My Uncle, R W Moffett, died last Thursday. To most of you this won’t mean a thing, until I tell you that he was one of the wittiest men I’ve ever known and as tough as any Scotsman who’s ever walked this earth. Though he was American through and through, Scotland was his heritage way back when.
The Moffetts were among the first Scots-Irish to settle the Shenandoah Valley where RW lived until the day he died. As do I with that same intention. He was a WWII vet who fought in some of the fiercest battles in the South Pacific and was honored with medals, but rarely spoke of the war. Never to me. To the women he was all civility.
A man’s man, he was a farmer who loved to hunt, fish, and tell bawdy tales. He knew every ridge of his beloved Blue Ridge Mountains. A crack shot, he’s quoted as saying, ‘your aims improves when your target fires back. ‘ A sobering thought only a soldier can truly understand. Odd, that RW died not long after Memorial Day.
No one who knew RW had anything but respect for him. One sharp look from him and even small children came to attention. But they–we–loved him. He could be gruff but he was kind. A person’s rank in life didn’t impress him, only their character.
At his funeral, I realized we were burying a legend. The irony of it is that he detested lengthy services and his went on and on with fond remembrances. Then the lights dimmed as if to clue the speaker it was time to wind things up. Only, no one dimmed those lights. RW, maybe?

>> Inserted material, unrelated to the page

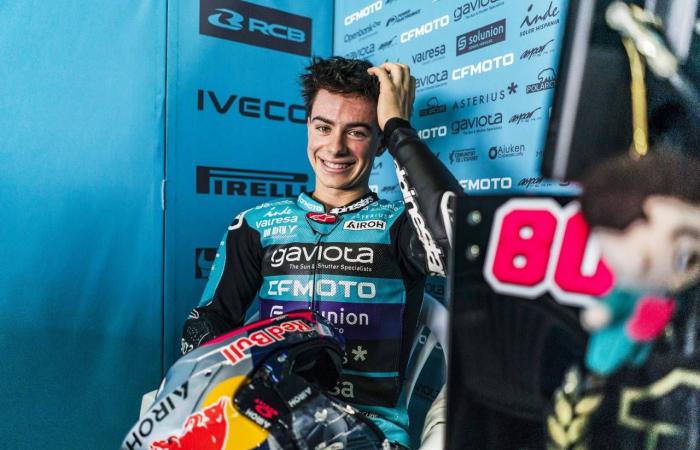 Moto3: David Alonso helps the victims of Valencia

Most of all, he was married to my dear aunt for 60 yrs and had a deeply loving relationship. That’s an achievement in itself. His passing has sent me into a pensive frame of mind as I think of all the grand folks who have gone before me and how blessed I am to have known them. I believe they are still with me, somehow, in spirit. And that I will see them again someday on the other side.